The answer consists solely of the lines running from the one with "NEW w/TAG $79" through the final line below, transcribed exactly and without any pictures.

(Pictures with short captions)

######

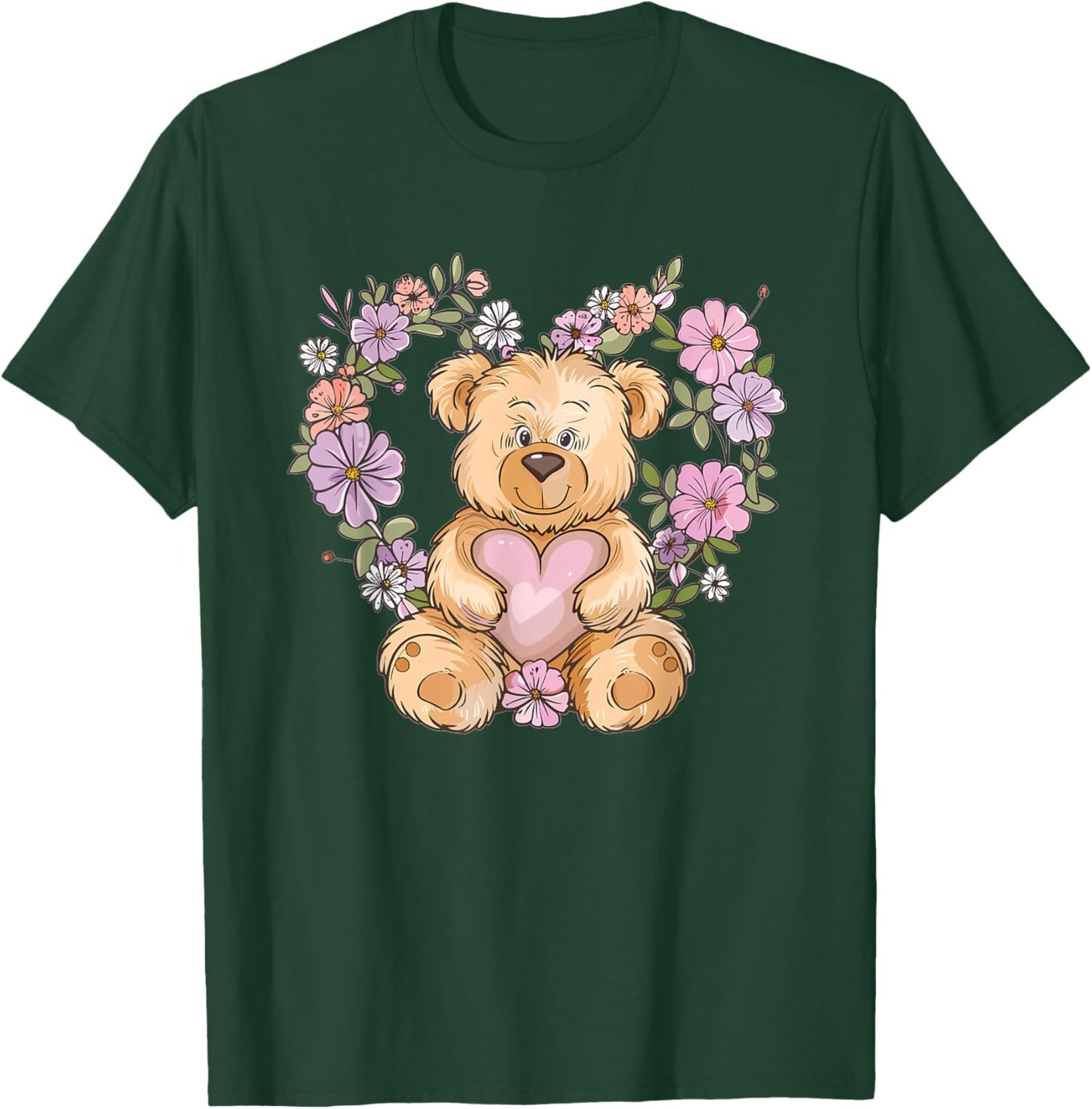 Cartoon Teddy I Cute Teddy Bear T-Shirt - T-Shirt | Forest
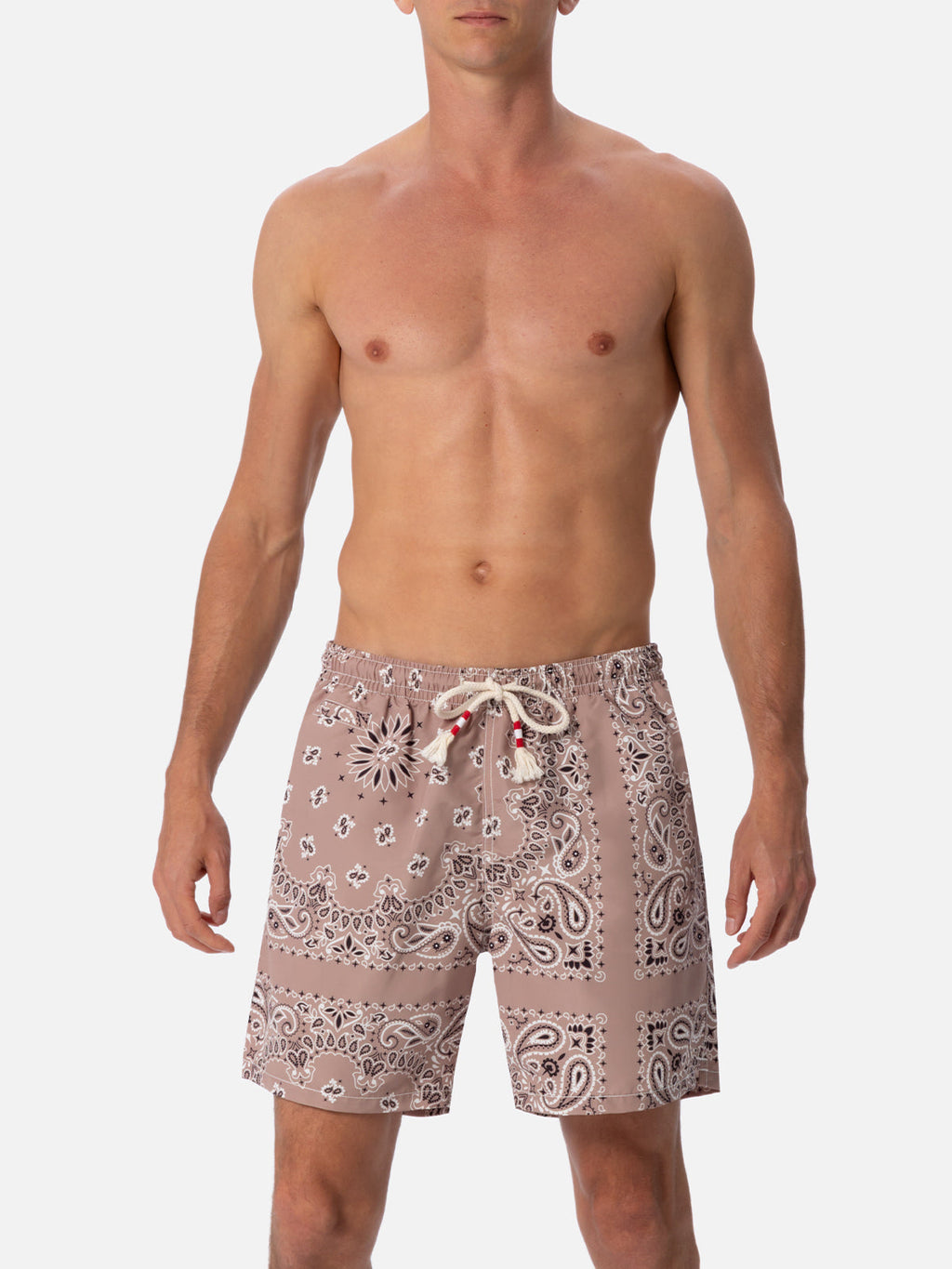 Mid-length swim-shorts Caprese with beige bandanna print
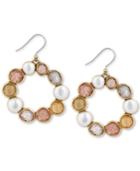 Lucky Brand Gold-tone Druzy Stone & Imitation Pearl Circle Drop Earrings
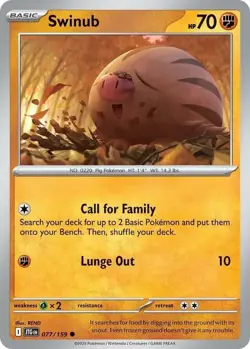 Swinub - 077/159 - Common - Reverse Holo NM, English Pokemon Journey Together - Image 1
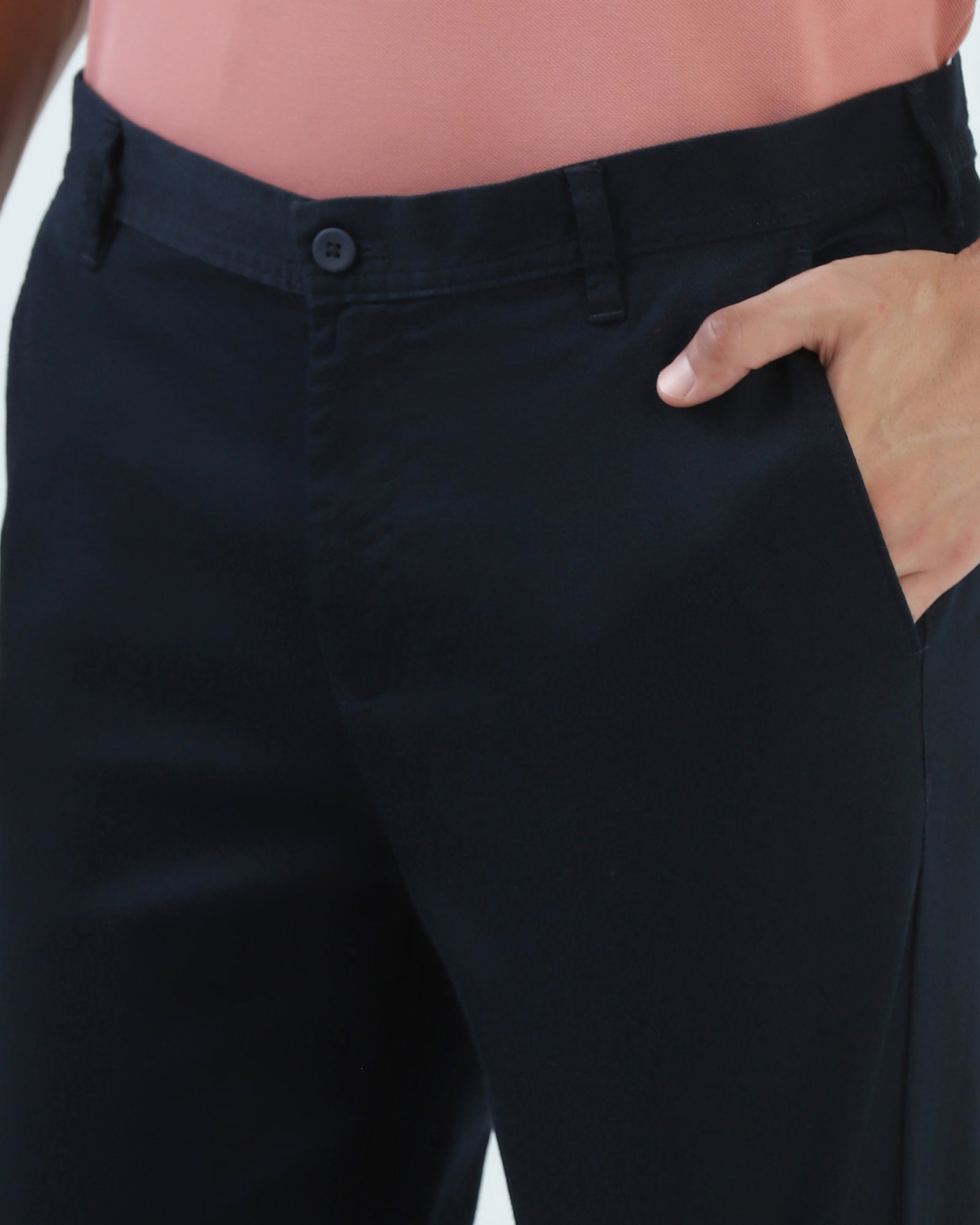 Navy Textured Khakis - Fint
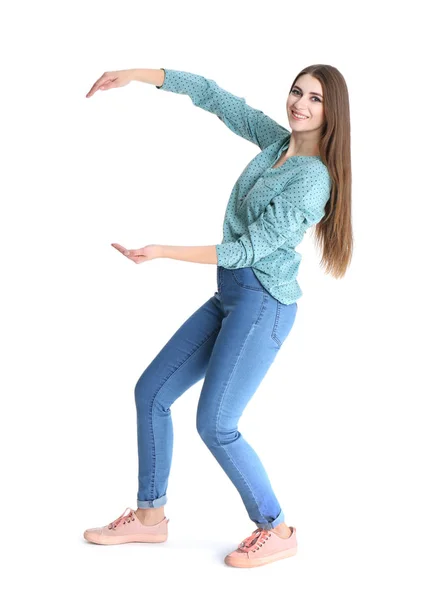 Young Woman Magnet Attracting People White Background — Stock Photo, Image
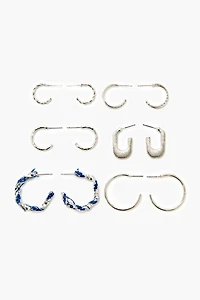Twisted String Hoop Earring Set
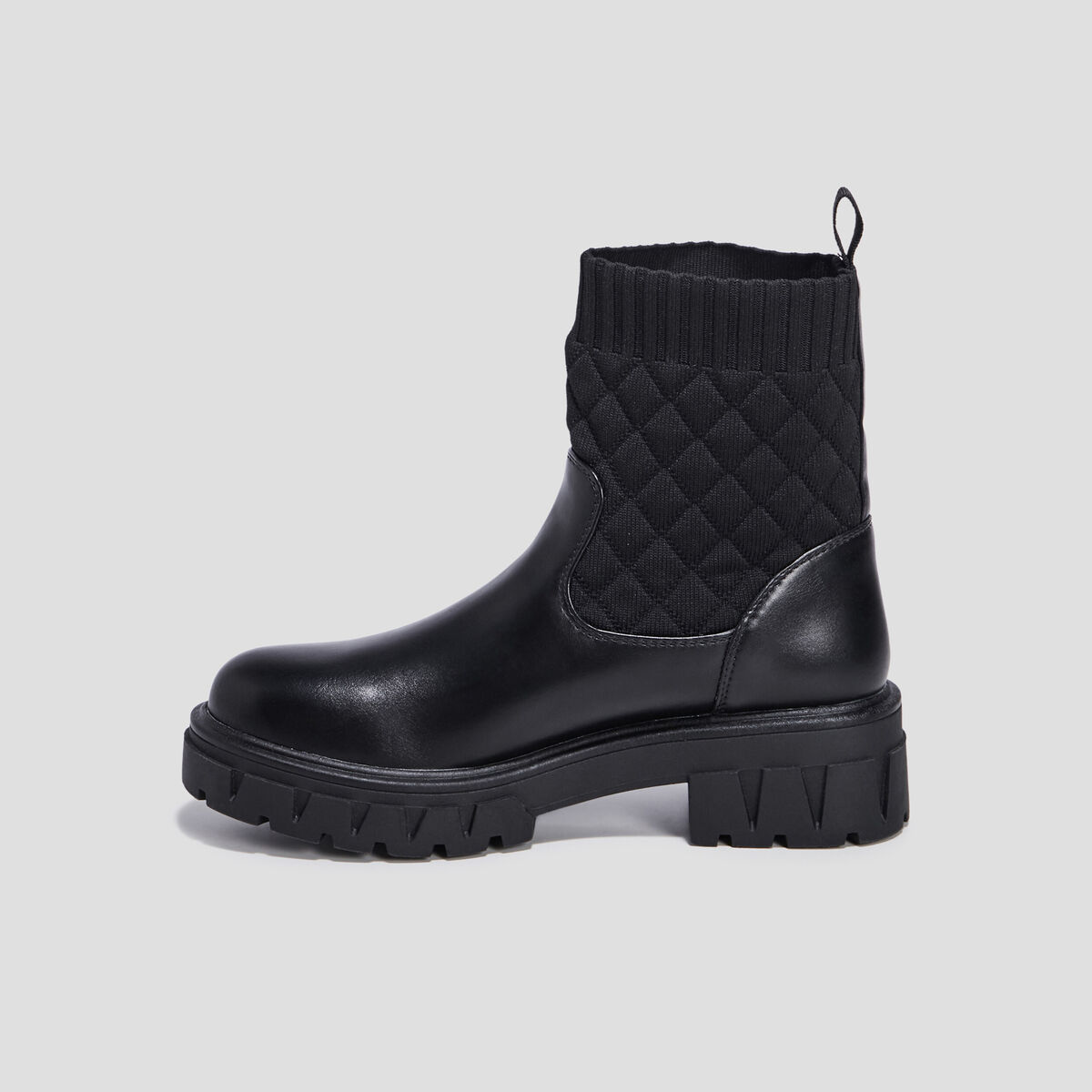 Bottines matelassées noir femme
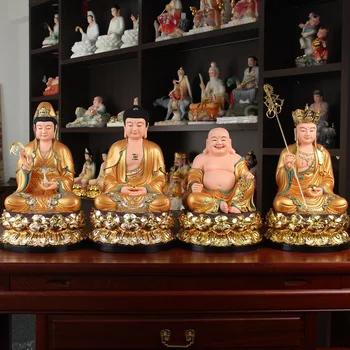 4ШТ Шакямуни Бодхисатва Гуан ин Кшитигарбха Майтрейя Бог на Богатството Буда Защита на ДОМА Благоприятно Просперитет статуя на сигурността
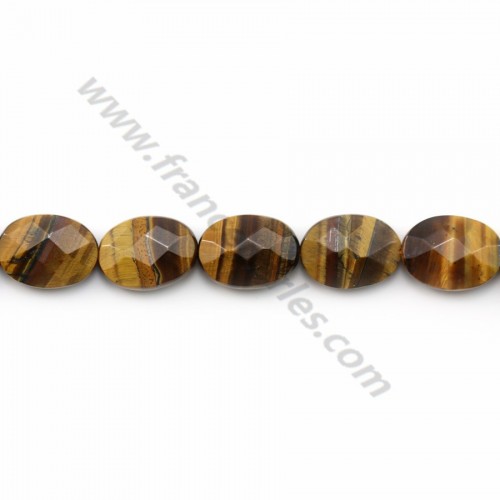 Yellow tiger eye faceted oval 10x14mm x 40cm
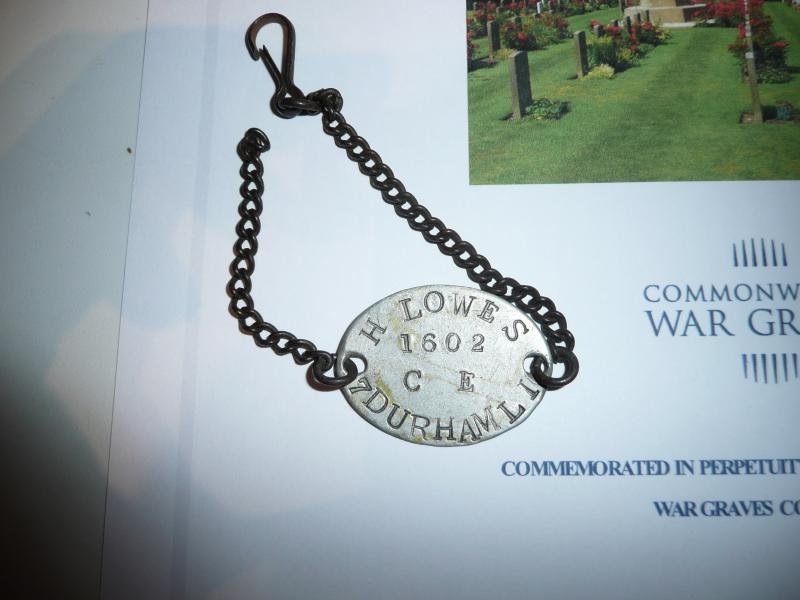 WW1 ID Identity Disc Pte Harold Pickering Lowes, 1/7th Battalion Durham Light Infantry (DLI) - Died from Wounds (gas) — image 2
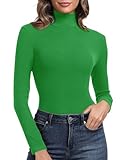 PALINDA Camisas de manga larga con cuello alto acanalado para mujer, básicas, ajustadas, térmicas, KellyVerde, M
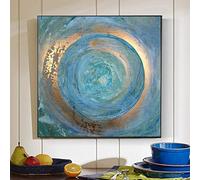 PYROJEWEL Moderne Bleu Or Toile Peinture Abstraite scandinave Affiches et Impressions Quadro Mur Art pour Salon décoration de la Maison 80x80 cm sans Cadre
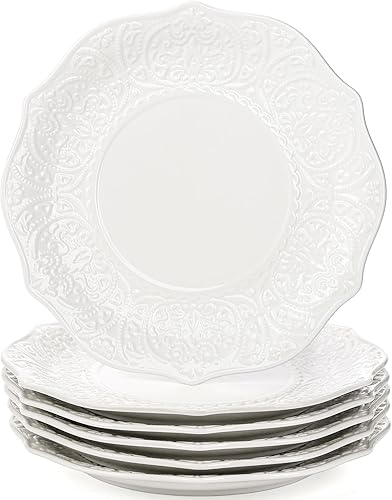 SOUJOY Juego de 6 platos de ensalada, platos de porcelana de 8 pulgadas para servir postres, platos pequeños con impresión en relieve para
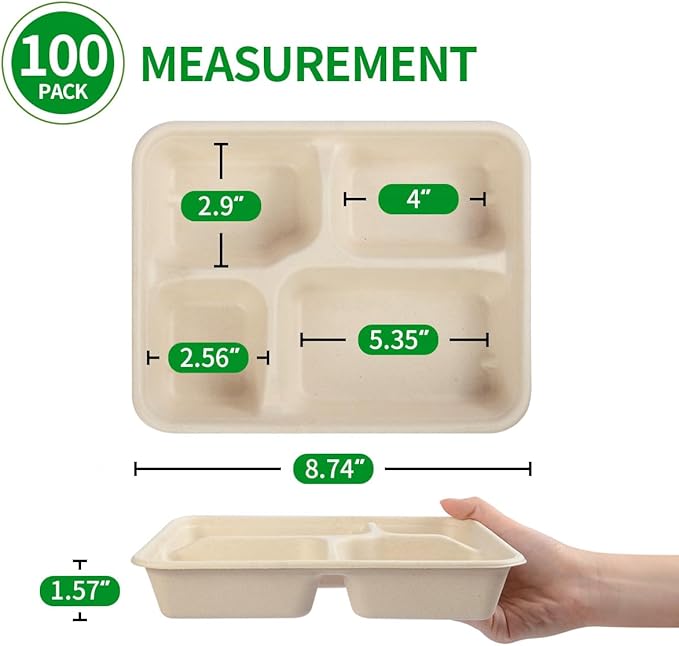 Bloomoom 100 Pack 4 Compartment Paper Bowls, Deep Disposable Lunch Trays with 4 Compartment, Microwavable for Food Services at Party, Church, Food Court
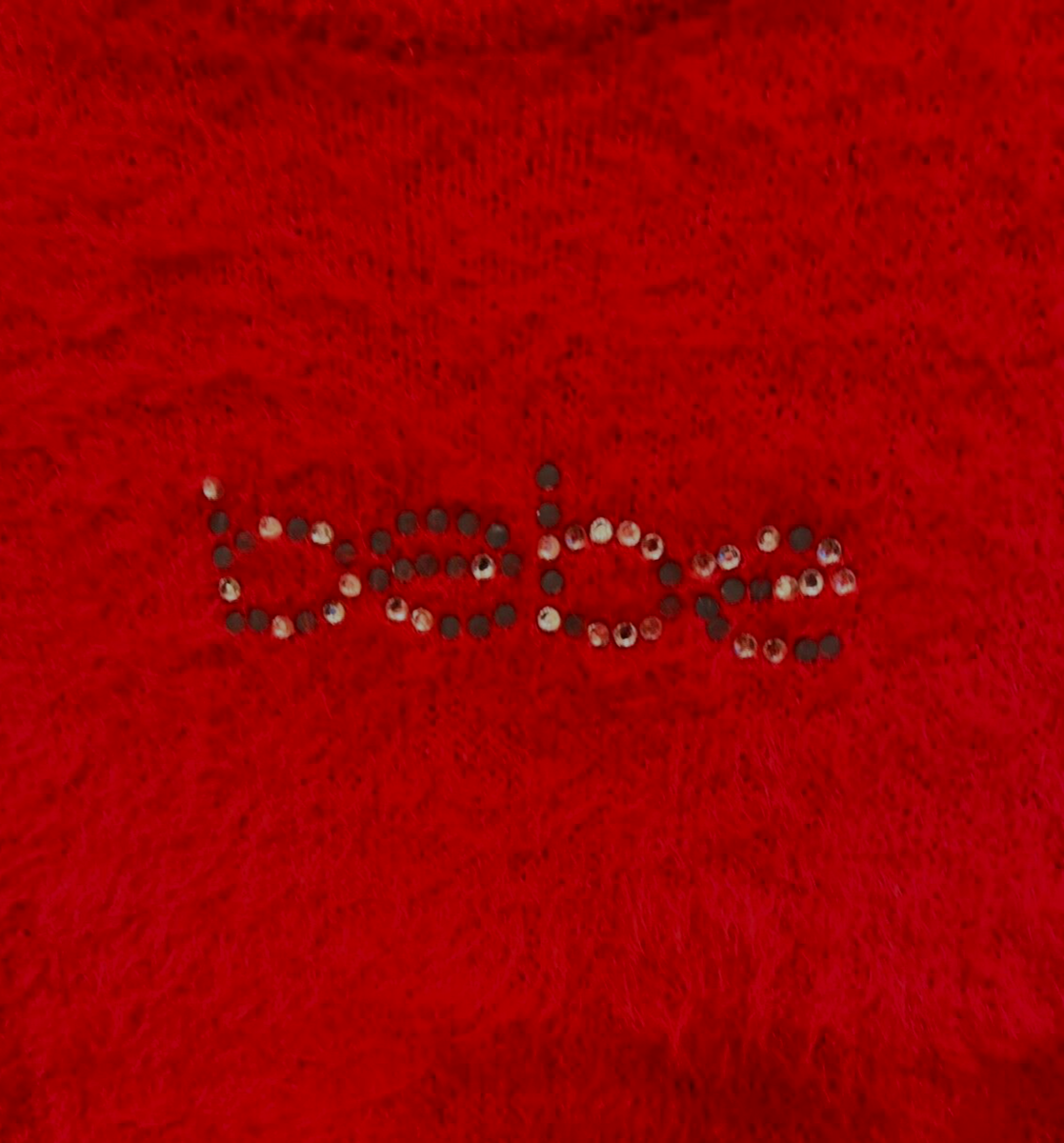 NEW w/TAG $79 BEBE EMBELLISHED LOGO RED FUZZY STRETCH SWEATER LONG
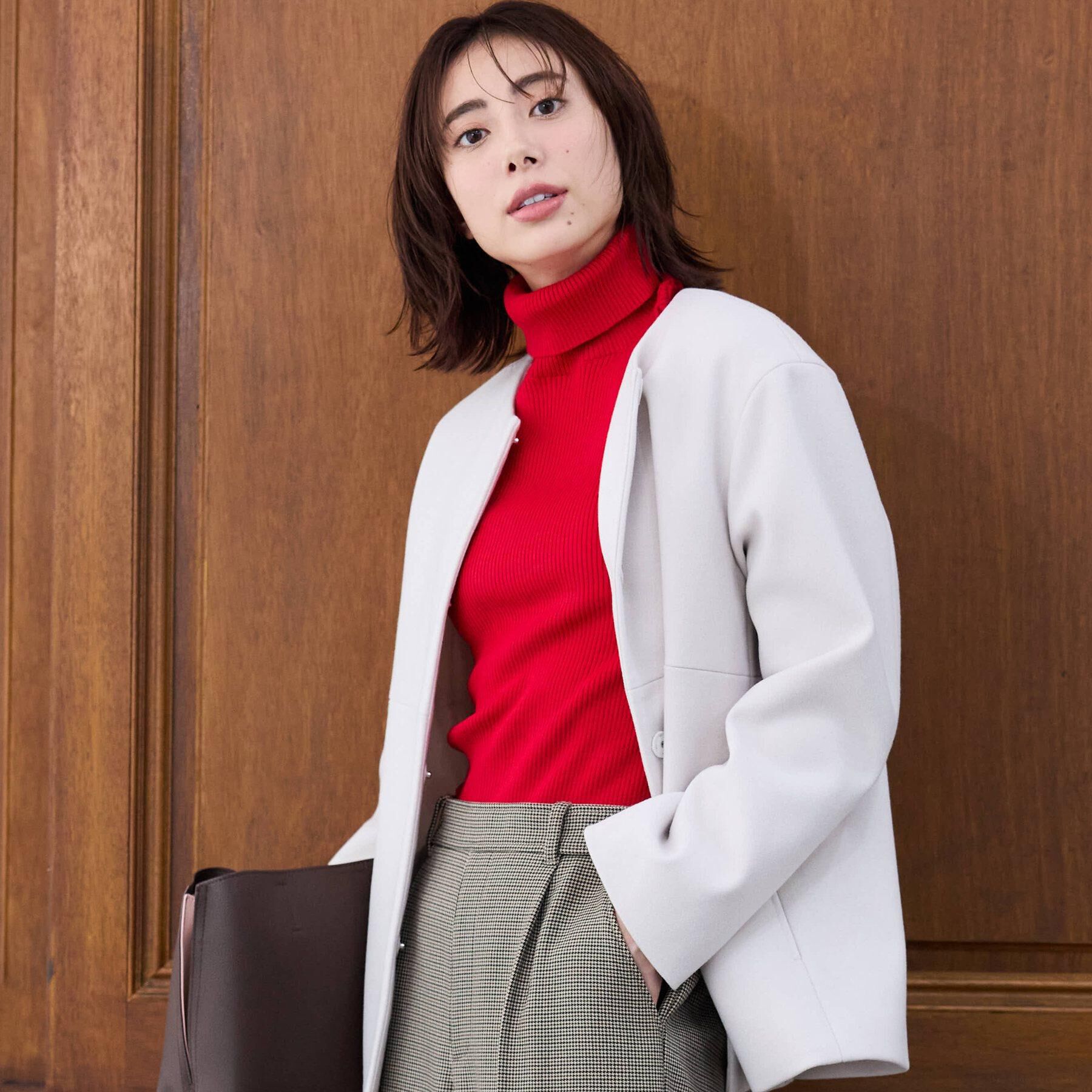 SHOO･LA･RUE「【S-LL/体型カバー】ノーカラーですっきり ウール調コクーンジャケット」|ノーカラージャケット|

######

RESULT BELOW –
 NEW w/TAG $79 BEBE EMBELLISHED LOGO RED FUZZY STRETCH SWEATER LONG
 SHOO･LA･RUE「【S-LL/体型カバー】ノーカラーですっきり ウール調コクーンジャケット」|ノーカラージャケット|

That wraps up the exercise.